Out of the Ordinary: The Etiology of Mesoamerican Nephropathy
- Aleeza Riaz
- 4 days ago
- 5 min read
Written by: Aleeza Riaz
Edited by: Ray Zhang
In 2002, a report from El Salvador stunned the global nephrology community. Among
young men from certain coastal areas, there was a high incidence of idiopathic, or spontaneously arising, chronic kidney disease (CKD) [1]. This mystifying condition, typically endemic to El Salvador’s west coast, was also prevalent in other agricultural populations in Central America. The proposed causes? Exposure to high temperatures, chronic dehydration, and genetics. The problem? This disease, markedly named Mesoamerican nephropathy (MeN), which is an epidemic of CKD, will only become more widespread in a warming climate [1, 2].
MeN, is a progressive form of tubulointerstitial nephritis, a condition in which the kidney filtering units become inflamed. The largest patient population for this disease is young agricultural workers. Laborers enter an active nephrological inflammatory phase due to chronic dehydration, strenuous working conditions, and the frequent use of painkillers to combat heat stroke [3]. The inflammation of kidney tubules—the constituents that are supposed to filter blood, return nutrients and fluids, remove waste, and maintain a healthy acid-base balance—consequently lowers kidney function [1, 3]. In addition, common agricultural pesticides can accumulate in the kidney tubules, further limiting their functions [3].

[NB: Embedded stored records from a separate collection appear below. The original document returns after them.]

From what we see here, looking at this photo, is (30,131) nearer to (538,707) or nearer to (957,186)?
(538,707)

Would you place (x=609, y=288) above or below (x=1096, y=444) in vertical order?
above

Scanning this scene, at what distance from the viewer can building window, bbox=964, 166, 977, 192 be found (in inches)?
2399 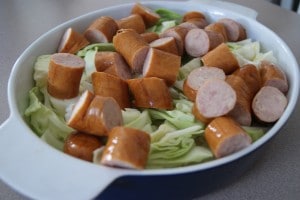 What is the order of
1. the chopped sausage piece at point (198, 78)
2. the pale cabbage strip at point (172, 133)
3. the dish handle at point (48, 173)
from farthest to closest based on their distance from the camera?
the chopped sausage piece at point (198, 78) → the pale cabbage strip at point (172, 133) → the dish handle at point (48, 173)

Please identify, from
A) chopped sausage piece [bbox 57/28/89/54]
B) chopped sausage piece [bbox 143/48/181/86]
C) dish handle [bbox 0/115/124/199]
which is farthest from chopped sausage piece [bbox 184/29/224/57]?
dish handle [bbox 0/115/124/199]

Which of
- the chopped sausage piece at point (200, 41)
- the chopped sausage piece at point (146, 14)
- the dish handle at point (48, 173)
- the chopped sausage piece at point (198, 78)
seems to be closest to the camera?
the dish handle at point (48, 173)

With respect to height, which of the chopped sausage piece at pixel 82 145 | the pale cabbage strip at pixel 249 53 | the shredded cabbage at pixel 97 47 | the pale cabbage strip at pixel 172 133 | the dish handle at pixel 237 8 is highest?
the dish handle at pixel 237 8

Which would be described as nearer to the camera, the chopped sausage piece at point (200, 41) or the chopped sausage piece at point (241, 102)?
the chopped sausage piece at point (241, 102)

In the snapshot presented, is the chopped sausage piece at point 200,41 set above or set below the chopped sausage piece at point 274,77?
above

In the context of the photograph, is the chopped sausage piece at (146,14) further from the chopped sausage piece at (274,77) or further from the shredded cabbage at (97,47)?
the chopped sausage piece at (274,77)

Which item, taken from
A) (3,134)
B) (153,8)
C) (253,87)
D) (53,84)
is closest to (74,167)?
(3,134)

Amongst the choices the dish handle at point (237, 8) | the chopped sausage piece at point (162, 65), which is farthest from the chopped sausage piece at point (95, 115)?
the dish handle at point (237, 8)

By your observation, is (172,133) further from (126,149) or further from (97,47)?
(97,47) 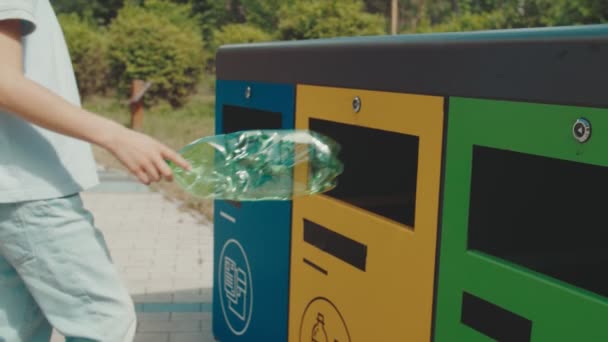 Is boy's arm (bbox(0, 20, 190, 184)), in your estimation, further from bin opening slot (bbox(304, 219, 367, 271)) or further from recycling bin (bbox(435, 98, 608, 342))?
bin opening slot (bbox(304, 219, 367, 271))

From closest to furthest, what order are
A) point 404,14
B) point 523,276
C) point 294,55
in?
1. point 523,276
2. point 294,55
3. point 404,14

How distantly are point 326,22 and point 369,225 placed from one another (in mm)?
13416

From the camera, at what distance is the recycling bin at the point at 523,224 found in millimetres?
1379

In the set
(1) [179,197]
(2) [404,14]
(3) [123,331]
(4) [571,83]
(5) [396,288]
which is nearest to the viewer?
(4) [571,83]

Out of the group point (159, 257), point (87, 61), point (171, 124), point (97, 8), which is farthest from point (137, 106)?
point (97, 8)

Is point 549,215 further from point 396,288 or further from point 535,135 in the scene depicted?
point 535,135

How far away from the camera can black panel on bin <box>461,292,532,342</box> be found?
1.52 metres

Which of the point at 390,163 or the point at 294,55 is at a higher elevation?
the point at 294,55

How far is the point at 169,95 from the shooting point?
14492 millimetres

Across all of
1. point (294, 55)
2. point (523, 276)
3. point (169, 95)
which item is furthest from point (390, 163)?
point (169, 95)

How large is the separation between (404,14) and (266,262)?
34.3m

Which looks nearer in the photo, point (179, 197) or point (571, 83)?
point (571, 83)

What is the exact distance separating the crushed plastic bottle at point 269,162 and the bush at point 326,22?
13066 millimetres

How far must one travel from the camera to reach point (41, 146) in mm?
1688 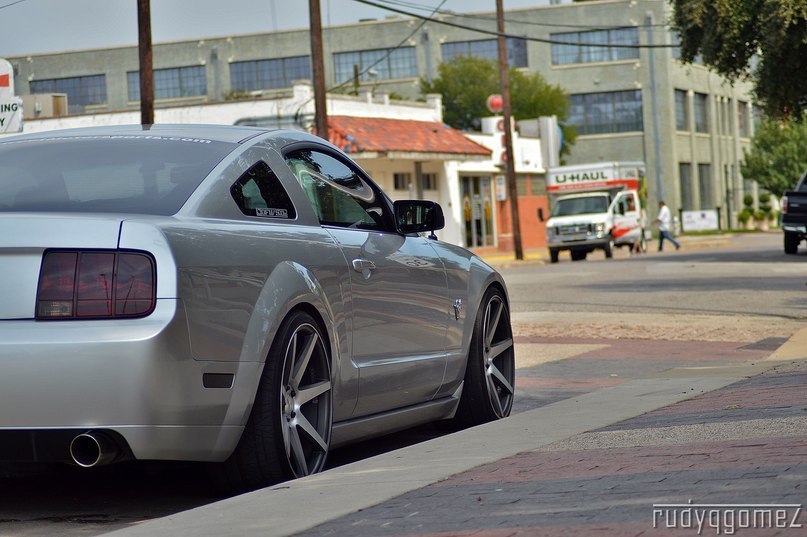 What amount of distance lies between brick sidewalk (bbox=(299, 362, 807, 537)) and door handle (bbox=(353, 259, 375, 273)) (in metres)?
→ 1.21

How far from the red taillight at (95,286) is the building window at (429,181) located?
45425mm

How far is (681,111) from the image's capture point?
76.8m

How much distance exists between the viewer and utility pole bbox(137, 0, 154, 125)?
920 inches

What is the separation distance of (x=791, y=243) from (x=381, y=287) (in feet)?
95.1

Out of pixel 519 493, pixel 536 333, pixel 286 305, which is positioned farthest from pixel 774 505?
pixel 536 333

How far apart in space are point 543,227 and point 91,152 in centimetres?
5531

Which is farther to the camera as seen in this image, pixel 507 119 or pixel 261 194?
pixel 507 119

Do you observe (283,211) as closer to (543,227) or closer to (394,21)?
(543,227)

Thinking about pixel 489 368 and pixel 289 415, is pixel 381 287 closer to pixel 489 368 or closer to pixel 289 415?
pixel 289 415

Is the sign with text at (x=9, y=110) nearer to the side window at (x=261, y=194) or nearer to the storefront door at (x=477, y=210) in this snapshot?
the side window at (x=261, y=194)

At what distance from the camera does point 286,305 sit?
19.0 feet

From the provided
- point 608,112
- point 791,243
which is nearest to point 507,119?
point 791,243

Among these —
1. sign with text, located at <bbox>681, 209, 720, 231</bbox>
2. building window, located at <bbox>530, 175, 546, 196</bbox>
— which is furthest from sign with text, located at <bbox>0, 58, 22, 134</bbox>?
sign with text, located at <bbox>681, 209, 720, 231</bbox>

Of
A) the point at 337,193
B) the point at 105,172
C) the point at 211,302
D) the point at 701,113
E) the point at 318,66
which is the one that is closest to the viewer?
the point at 211,302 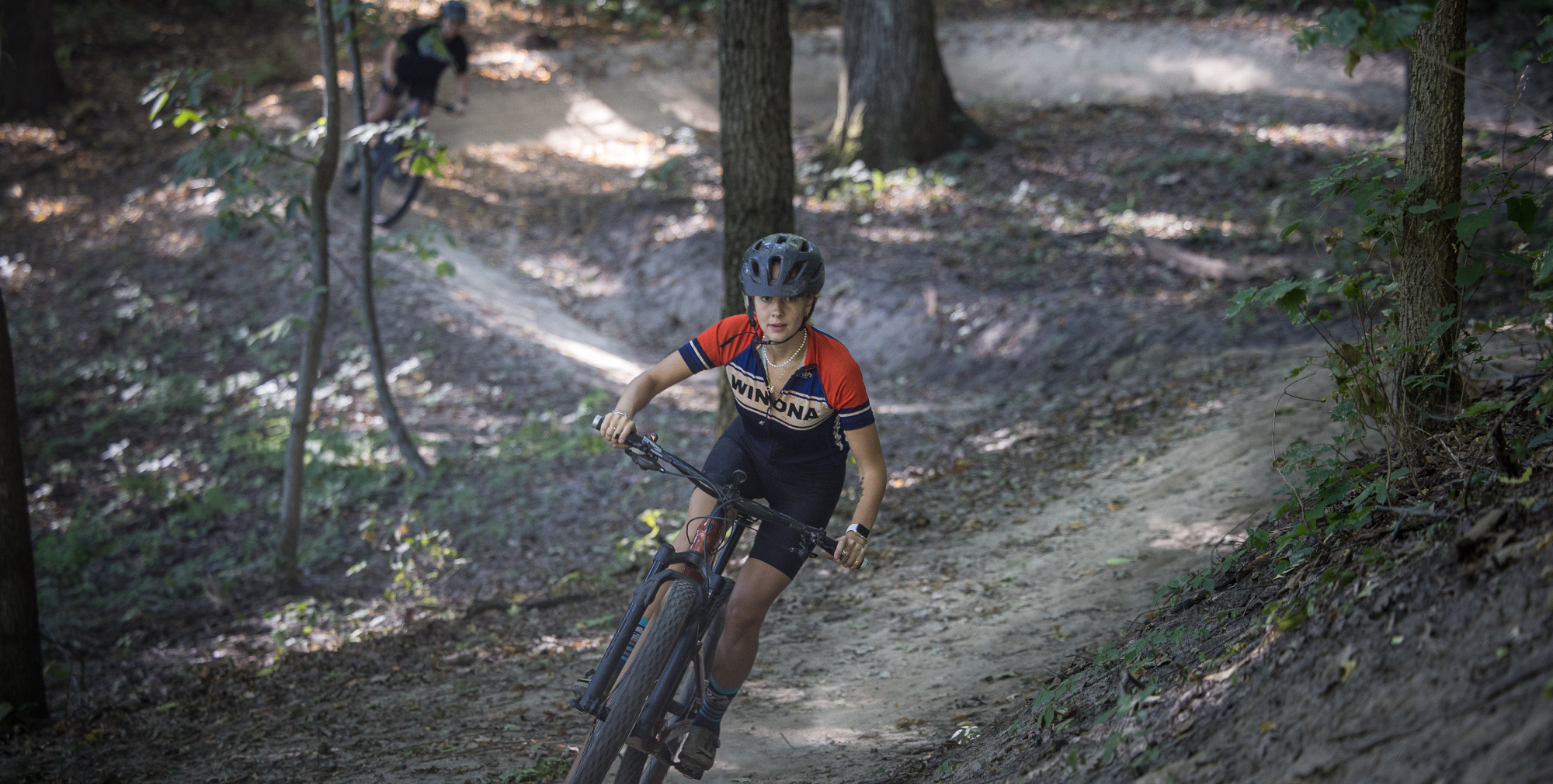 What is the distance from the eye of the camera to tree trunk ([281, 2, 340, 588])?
677 centimetres

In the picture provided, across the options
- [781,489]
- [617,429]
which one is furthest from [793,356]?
[617,429]

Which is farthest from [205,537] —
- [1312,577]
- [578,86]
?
[578,86]

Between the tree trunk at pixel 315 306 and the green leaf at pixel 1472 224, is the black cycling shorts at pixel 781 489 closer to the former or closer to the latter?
the green leaf at pixel 1472 224

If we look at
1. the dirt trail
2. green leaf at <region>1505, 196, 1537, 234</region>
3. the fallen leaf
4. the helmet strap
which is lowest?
the dirt trail

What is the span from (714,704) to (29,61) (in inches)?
662

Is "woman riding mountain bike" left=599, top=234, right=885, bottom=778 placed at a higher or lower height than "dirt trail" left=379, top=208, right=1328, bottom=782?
higher

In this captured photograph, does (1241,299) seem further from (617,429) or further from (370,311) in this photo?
(370,311)

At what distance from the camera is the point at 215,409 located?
9.91 metres

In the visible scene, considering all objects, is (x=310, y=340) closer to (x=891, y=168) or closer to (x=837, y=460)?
(x=837, y=460)

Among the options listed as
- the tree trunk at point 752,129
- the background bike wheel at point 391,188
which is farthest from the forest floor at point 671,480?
the tree trunk at point 752,129

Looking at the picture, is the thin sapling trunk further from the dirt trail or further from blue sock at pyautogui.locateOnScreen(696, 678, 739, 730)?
blue sock at pyautogui.locateOnScreen(696, 678, 739, 730)

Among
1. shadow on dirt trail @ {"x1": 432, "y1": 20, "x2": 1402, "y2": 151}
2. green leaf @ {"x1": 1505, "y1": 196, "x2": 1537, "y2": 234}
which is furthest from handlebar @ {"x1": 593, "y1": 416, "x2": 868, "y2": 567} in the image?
shadow on dirt trail @ {"x1": 432, "y1": 20, "x2": 1402, "y2": 151}

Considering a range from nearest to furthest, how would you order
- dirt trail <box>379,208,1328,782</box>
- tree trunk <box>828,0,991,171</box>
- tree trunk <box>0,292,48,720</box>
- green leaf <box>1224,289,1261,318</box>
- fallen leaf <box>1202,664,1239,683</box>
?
fallen leaf <box>1202,664,1239,683</box> → green leaf <box>1224,289,1261,318</box> → dirt trail <box>379,208,1328,782</box> → tree trunk <box>0,292,48,720</box> → tree trunk <box>828,0,991,171</box>

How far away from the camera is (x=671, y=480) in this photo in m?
8.36
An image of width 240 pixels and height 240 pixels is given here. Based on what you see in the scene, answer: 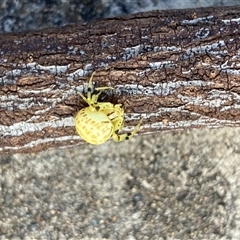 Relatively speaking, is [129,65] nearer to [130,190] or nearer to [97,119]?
[97,119]

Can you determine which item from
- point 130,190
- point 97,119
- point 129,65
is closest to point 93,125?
point 97,119

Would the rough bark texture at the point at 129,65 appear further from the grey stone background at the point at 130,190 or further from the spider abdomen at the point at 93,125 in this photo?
the grey stone background at the point at 130,190

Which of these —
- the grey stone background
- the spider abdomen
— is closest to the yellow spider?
the spider abdomen

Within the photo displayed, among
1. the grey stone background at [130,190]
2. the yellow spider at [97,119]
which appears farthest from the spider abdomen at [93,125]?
the grey stone background at [130,190]

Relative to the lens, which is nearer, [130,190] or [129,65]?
[129,65]

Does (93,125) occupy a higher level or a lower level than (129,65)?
lower

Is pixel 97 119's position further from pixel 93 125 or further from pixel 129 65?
pixel 129 65

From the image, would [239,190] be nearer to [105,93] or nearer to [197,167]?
[197,167] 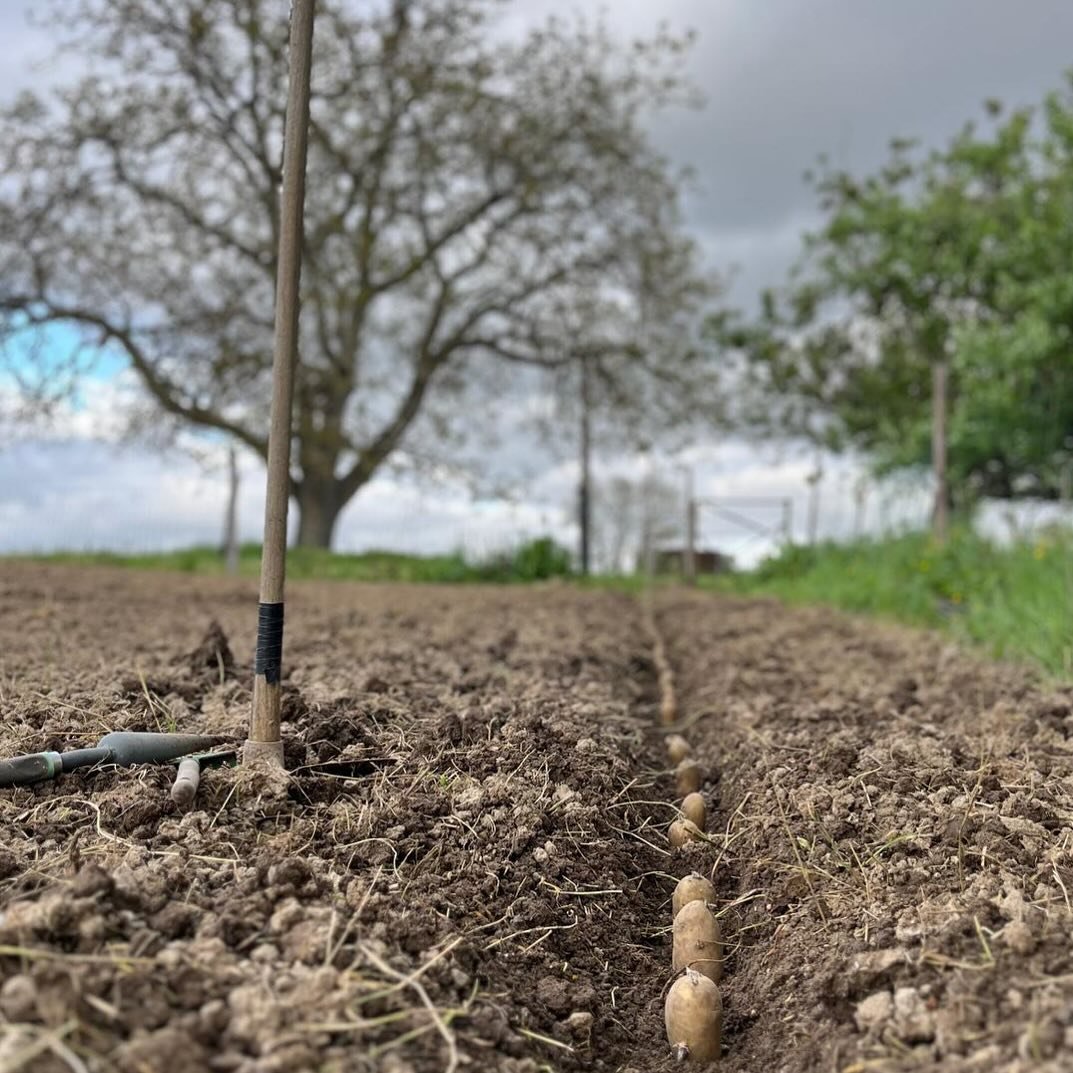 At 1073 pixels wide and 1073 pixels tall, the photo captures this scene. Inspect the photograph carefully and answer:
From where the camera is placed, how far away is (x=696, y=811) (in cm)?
318

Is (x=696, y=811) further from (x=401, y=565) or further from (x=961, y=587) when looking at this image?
(x=401, y=565)

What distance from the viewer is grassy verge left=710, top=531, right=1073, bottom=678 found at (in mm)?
5500

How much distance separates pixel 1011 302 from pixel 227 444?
12.9 meters

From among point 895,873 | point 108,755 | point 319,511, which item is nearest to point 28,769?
point 108,755

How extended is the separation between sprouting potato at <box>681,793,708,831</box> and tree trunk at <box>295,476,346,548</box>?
48.2 feet

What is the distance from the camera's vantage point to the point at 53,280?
50.8 ft

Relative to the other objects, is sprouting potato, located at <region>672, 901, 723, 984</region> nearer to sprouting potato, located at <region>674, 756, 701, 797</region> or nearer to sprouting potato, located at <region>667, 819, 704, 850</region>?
sprouting potato, located at <region>667, 819, 704, 850</region>

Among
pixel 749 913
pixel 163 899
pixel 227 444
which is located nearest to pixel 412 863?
pixel 163 899

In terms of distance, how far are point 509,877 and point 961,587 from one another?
6.50 metres

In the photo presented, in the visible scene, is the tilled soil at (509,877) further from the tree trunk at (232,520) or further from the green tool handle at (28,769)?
the tree trunk at (232,520)

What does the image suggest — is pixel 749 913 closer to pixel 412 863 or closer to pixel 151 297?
pixel 412 863

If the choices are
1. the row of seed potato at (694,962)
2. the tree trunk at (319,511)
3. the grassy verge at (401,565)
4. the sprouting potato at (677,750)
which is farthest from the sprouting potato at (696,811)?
the tree trunk at (319,511)

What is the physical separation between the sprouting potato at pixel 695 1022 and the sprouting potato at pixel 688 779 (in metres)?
1.42

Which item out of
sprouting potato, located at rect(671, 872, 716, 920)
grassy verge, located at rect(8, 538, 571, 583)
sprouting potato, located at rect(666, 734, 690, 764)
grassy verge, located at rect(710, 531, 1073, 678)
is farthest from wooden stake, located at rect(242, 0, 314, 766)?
grassy verge, located at rect(8, 538, 571, 583) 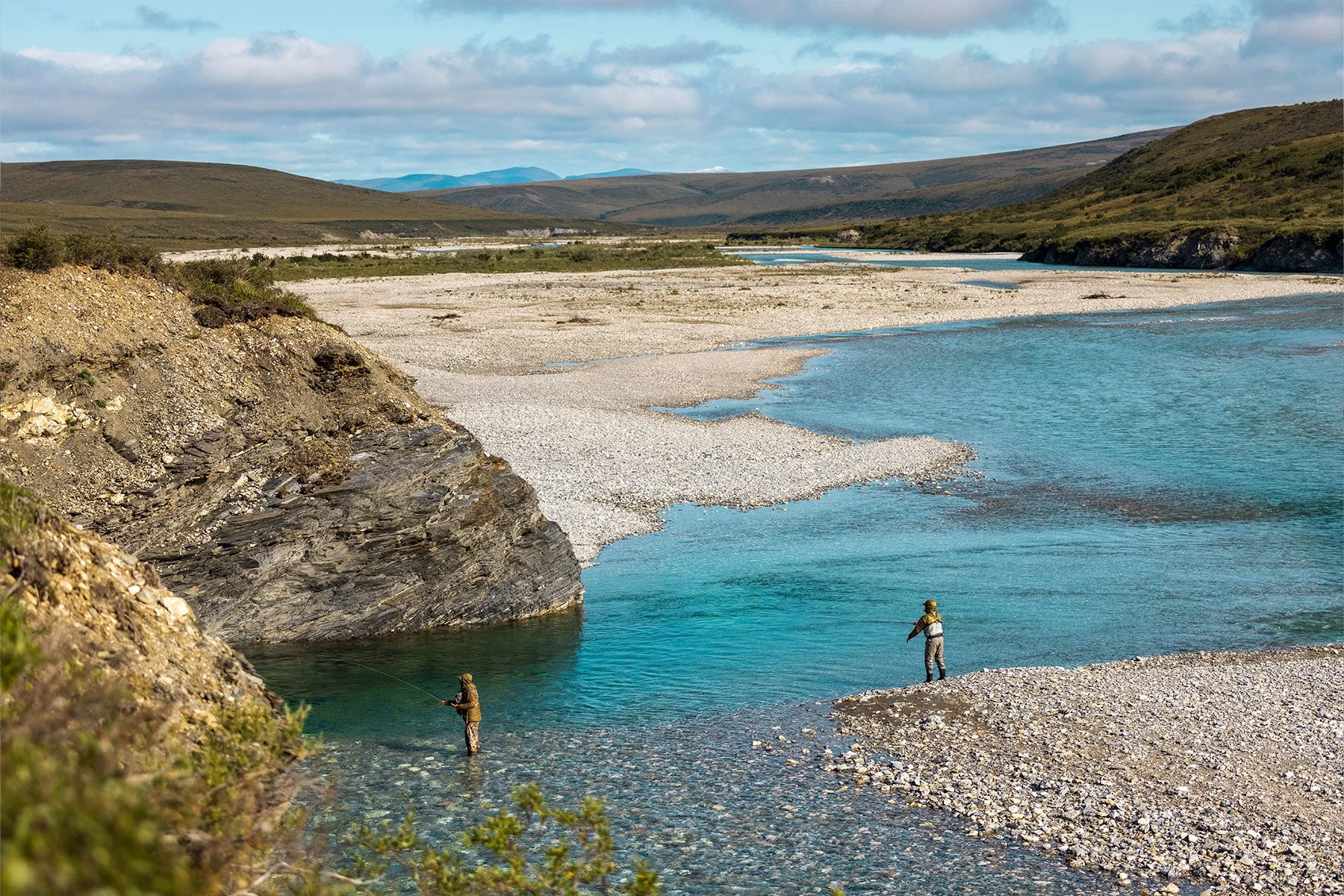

Despite these correlations, there is minimal literature on this potential factor for MeN. Laborers experience cramps, fever, and an average kidney function of less than 60% without the two typical risk factors of CKD––diabetes and hypertension––due to inflammation and tubular toxicity [1]. In addition, many patients present with unspecified symptoms of low-grade fever, proteinuria (protein in the urine), and/or dysuria (painful urination) [2]. However, an official diagnosis requires a kidney biopsy, a test that allows nephrologists to view the inflammation and tubular damage that characterize MeN’s tubulointerstitial nephritis [2].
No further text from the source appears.